Your instructions = Write the data below out again, exactly as each line reads.

Provided material =

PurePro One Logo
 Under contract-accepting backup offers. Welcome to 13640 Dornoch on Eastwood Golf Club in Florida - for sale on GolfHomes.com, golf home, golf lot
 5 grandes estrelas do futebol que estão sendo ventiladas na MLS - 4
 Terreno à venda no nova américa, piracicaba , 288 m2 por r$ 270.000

Response area =
PurePro One Logo
 Under contract-accepting backup offers. Welcome to 13640 Dornoch on Eastwood Golf Club in Florida - for sale on GolfHomes.com, golf home, golf lot
 5 grandes estrelas do futebol que estão sendo ventiladas na MLS - 4
 Terreno à venda no nova américa, piracicaba , 288 m2 por r$ 270.000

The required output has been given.